Prompt | Every line below from the one with "2pcs/lot Soft Edge" through the one with "Cotton Trouser - Rose" should be retyped exactly, both ends included; no other lines and no pictures.

Segment Start: Dataset records

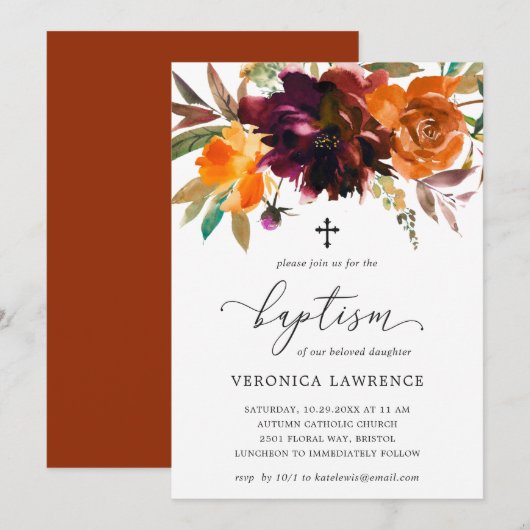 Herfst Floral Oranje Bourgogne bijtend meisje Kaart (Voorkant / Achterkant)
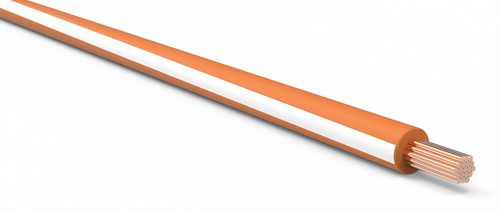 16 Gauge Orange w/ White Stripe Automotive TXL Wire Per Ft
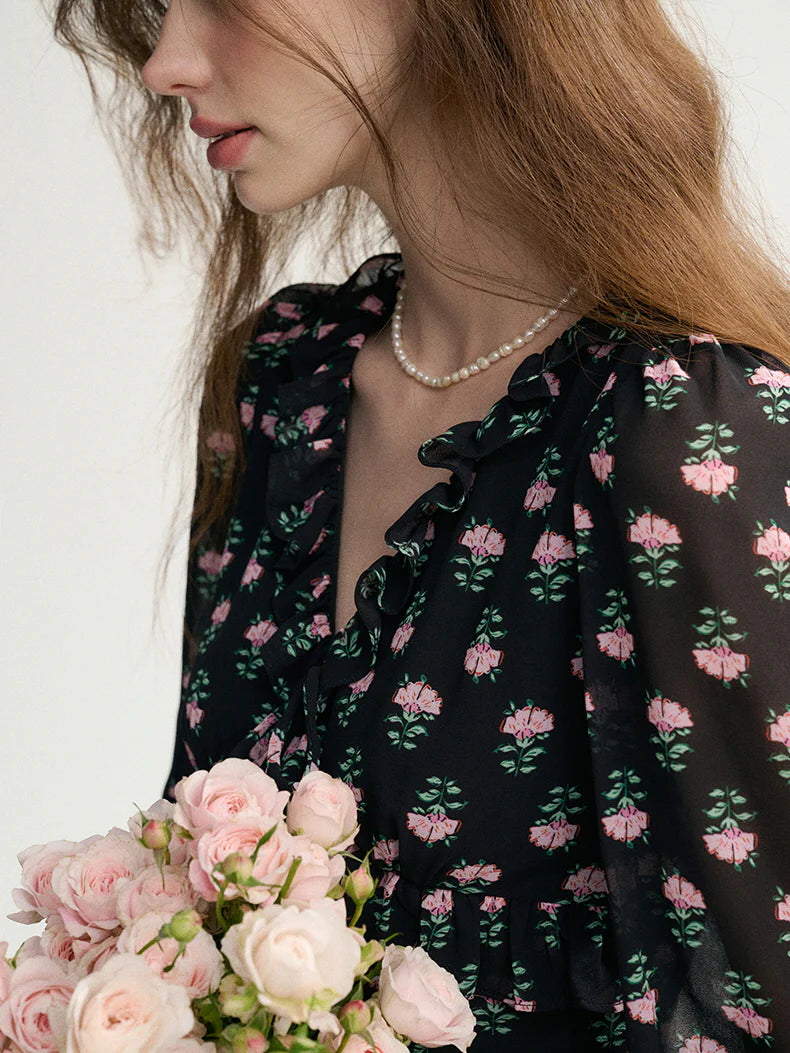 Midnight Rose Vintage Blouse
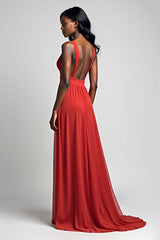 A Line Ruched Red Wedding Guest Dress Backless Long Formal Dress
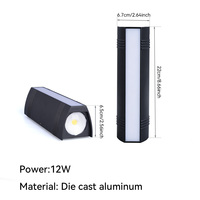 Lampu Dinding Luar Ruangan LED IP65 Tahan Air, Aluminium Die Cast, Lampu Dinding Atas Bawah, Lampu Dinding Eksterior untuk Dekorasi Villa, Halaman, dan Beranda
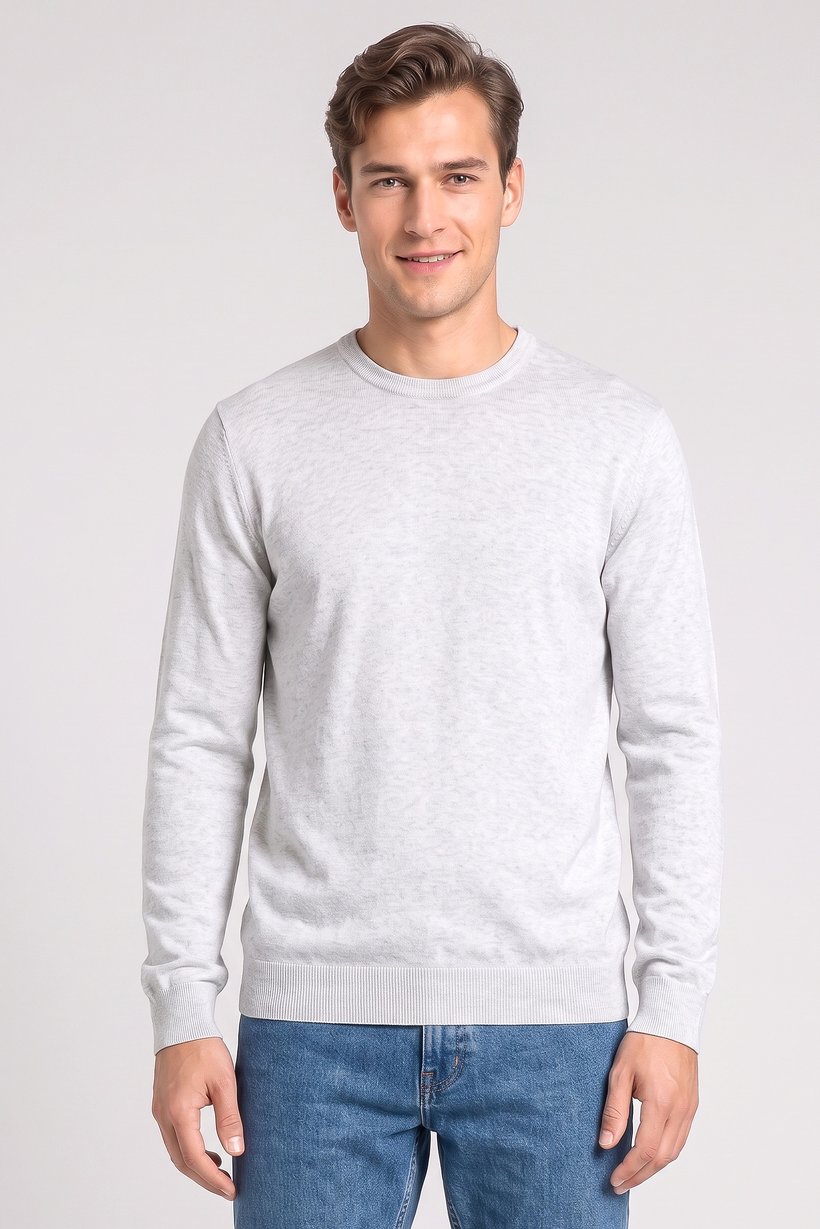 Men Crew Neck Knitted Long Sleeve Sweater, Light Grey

Segment End: Dataset records
Segment Start: Dataset records

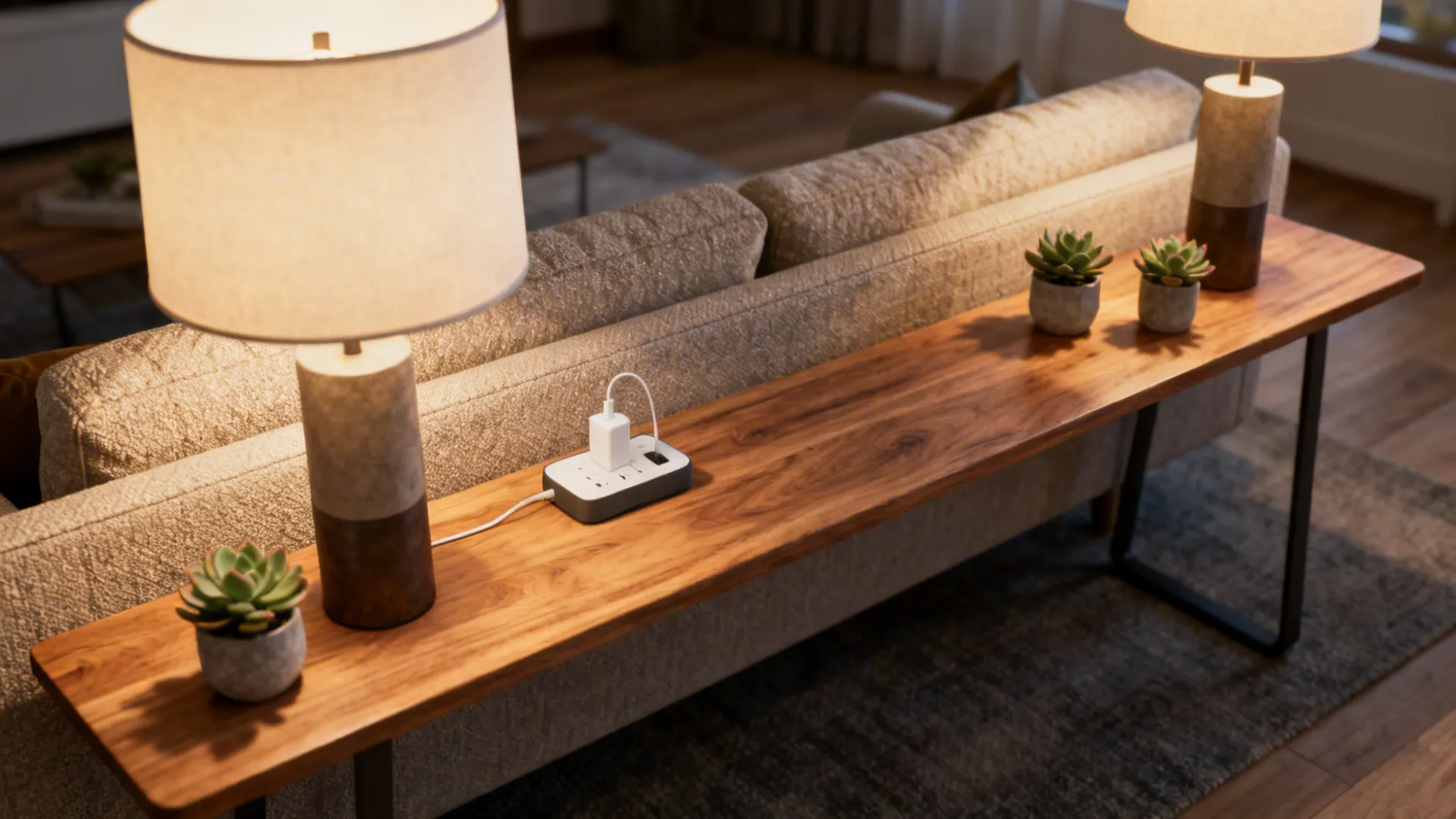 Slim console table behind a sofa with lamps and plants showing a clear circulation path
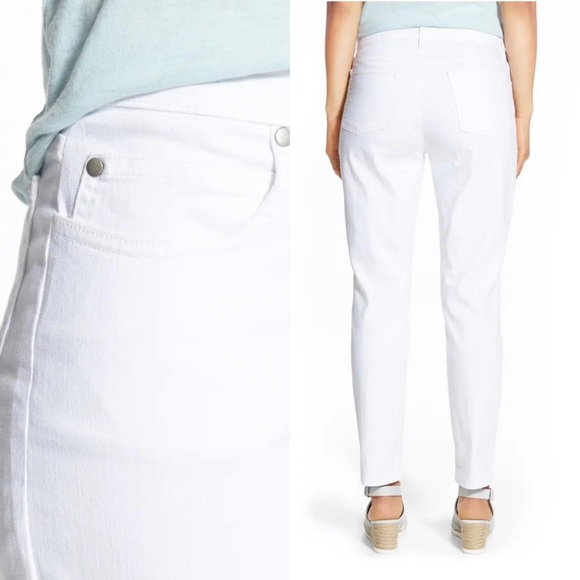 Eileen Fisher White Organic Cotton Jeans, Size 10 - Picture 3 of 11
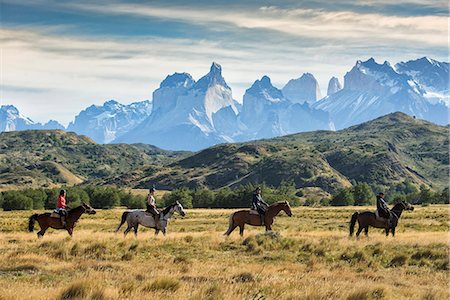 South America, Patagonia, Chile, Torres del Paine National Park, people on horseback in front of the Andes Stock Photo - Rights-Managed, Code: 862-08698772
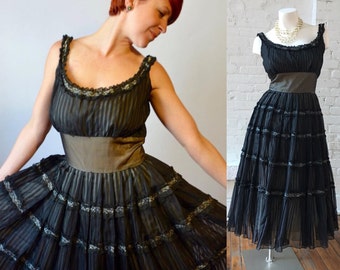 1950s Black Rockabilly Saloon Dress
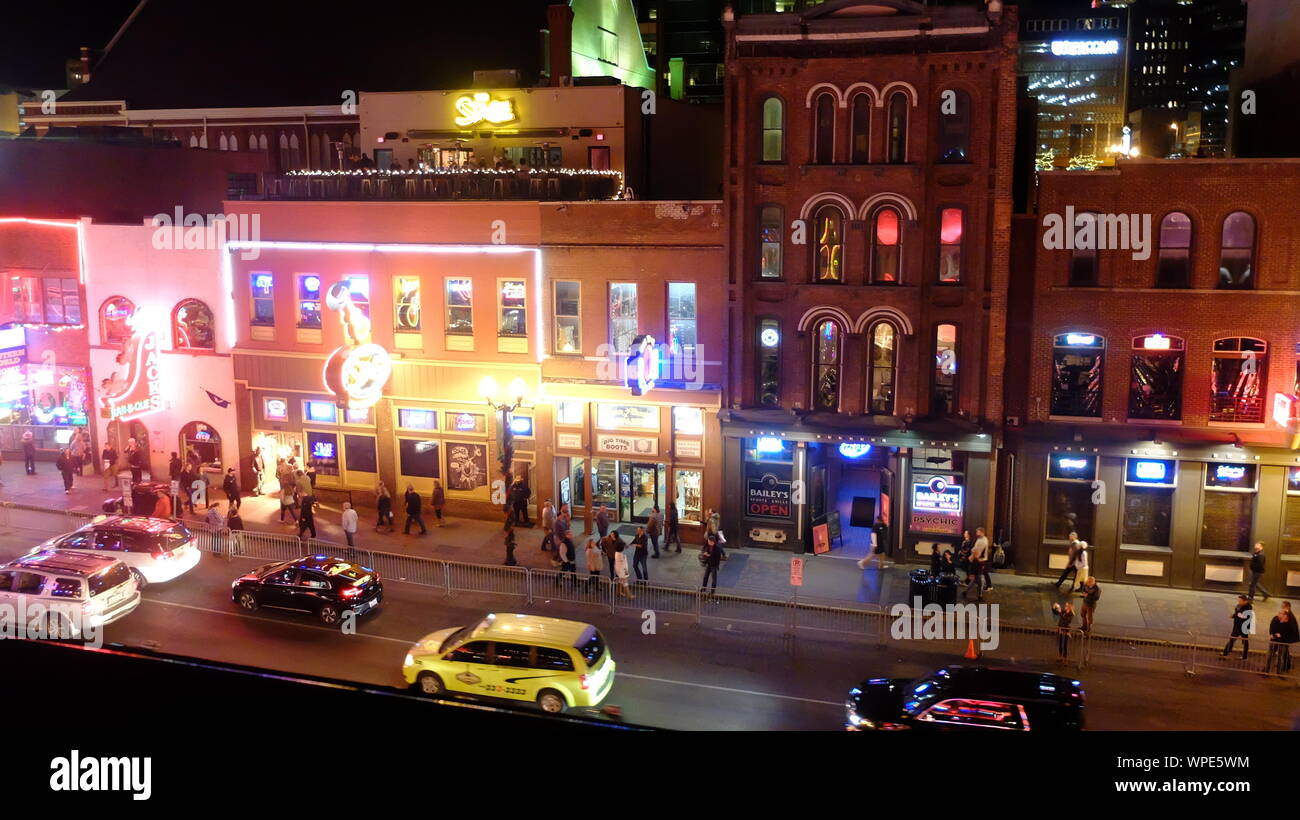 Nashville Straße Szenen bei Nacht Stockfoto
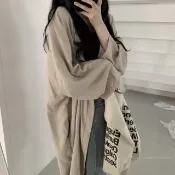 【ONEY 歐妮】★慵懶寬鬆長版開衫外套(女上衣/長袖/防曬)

Segment End: Dataset records
Segment Start: Dataset records

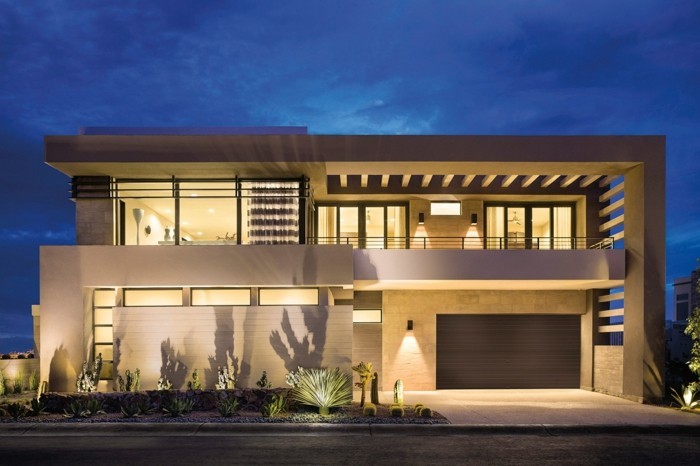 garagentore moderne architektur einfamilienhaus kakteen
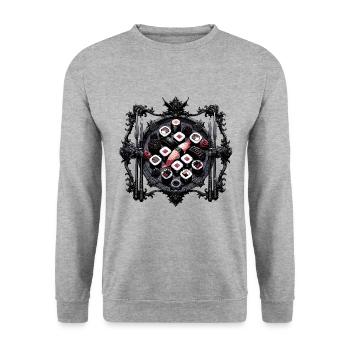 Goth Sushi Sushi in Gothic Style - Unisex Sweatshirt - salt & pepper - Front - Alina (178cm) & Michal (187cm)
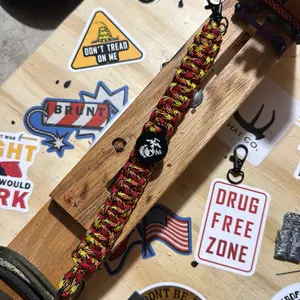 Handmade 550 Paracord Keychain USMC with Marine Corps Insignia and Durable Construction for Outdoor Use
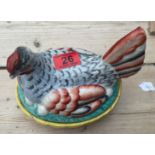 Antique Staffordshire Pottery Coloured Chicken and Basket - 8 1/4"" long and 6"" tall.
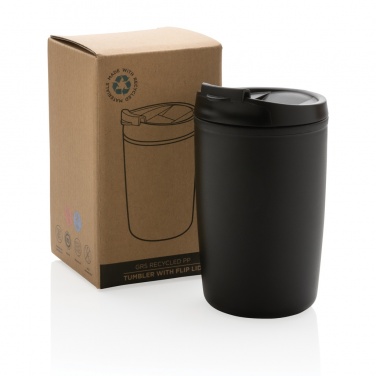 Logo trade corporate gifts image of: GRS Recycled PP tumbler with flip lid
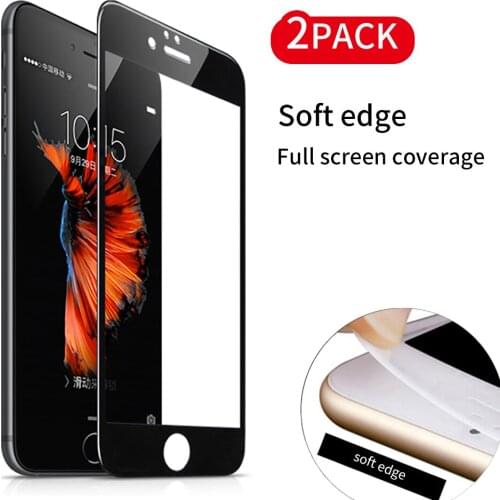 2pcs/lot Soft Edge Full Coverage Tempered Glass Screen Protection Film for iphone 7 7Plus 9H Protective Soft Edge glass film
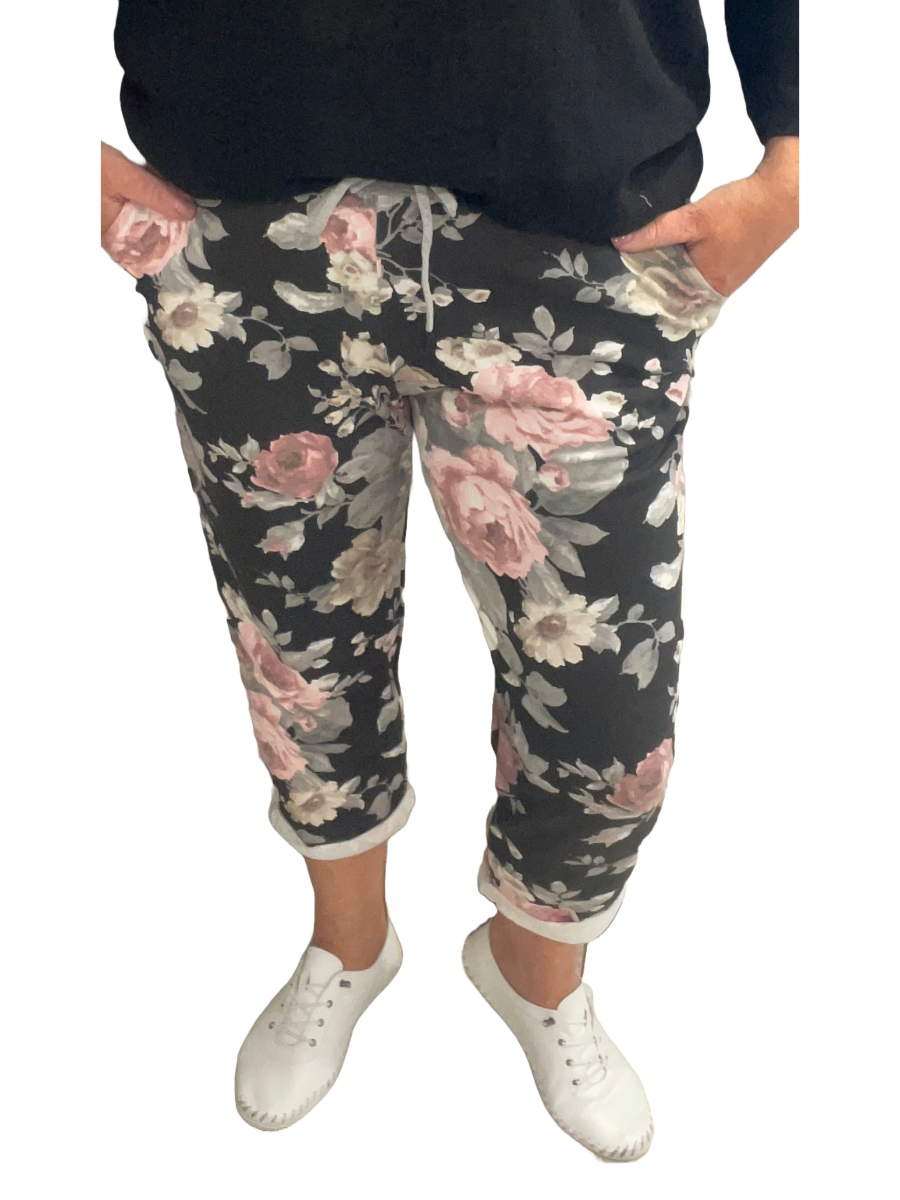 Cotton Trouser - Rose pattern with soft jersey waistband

Segment End: Dataset records

Result of this exercise |
 2pcs/lot Soft Edge Full Coverage Tempered Glass Screen Protection Film for iphone 7 7Plus 9H Protective Soft Edge glass film
 Cotton Trouser - Rose pattern with soft jersey waistband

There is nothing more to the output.